While one of the most beautiful structures of its kind, what's always mattered most to tourists is that the Tower of Pisa looks like it's about to fall down. After a repair job now almost complete, it will still look that way, reports CBS News Correspondent Allen Pizzey—only less so.

The tower is being straightened a mere nineteen inches, just enough to keep it from falling over.

So fear not: those silly photographs of people holding up the whole tower with one hand will still get a laugh—if they ever did.

And the tower built to serve as both a celebration of Pisa's glory and a lookout point against enemies will soon be back in its modern role.

The tower started leaning even before the first stage was completed more than 800 years ago.
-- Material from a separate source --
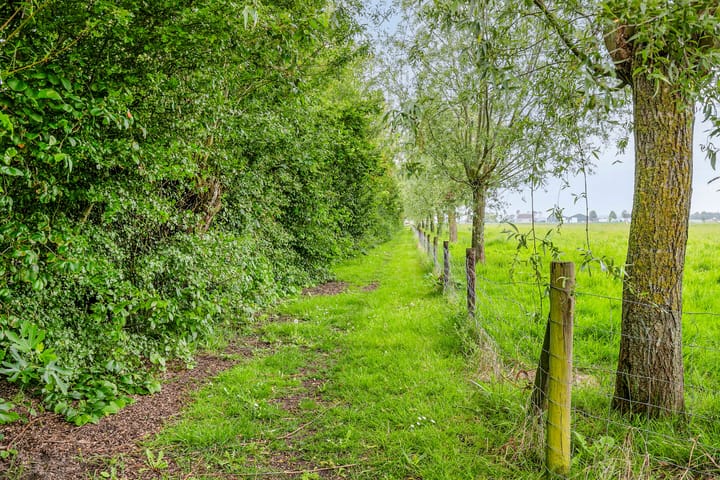 Foto 60 van Oudelandsedijk 21-A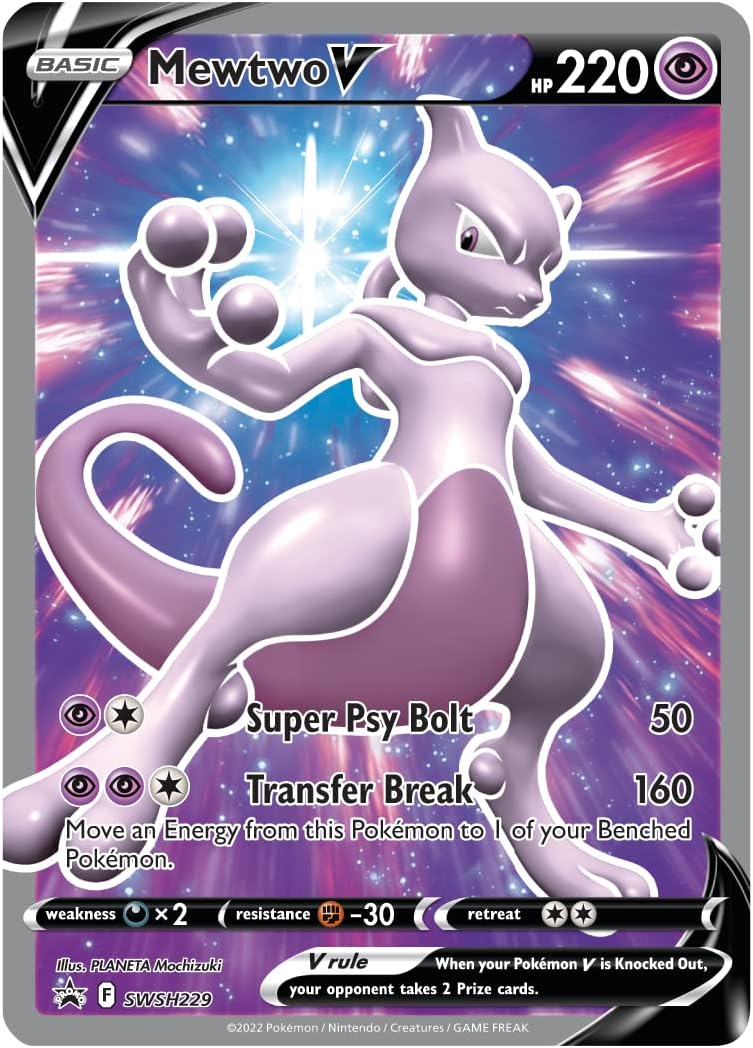 Pokemon TCG: Pokemon GO Elite Trainer Box - Trading Card - New - CaveGamers - Image 8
The vibration and weight of the seven bells that the tower was built to house helped to pull it over.

Ten years ago the tower had to be closed to visitors.
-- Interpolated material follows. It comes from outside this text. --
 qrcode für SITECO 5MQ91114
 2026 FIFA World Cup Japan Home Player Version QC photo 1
While a number of scientific solutions to the tower's balance problem were proposed, a prime consideration was remaining true to the spirit of what has been called one of the man-made wonders of the world.

"What we wanted to find was a very delicate solution which could be really worthy of the monument," said Professor Salvatore Settis of the Pisa Restoration Committee.

Today that solution is visible in a temporary safety net of massive cables attached to a girdle around a lower section of the tower. The cables allow a thousand tons of lead weights to slowly pull the tower back down.

As it gets pulled back onto its base, the tower will settle into new space in the earth that has been drilled out over the past ten years.

A year from now tourists will be able to walk here again because the tower will have been pulled back to the position it was in more than 250 years ago.

And in theory at least, it's supposed to stay there for the next three centuries.

The tower bells, rung only once in the last decade to mark the start of this Christian jubilee year, were rung again Saturday as the restoration was displayed to the press.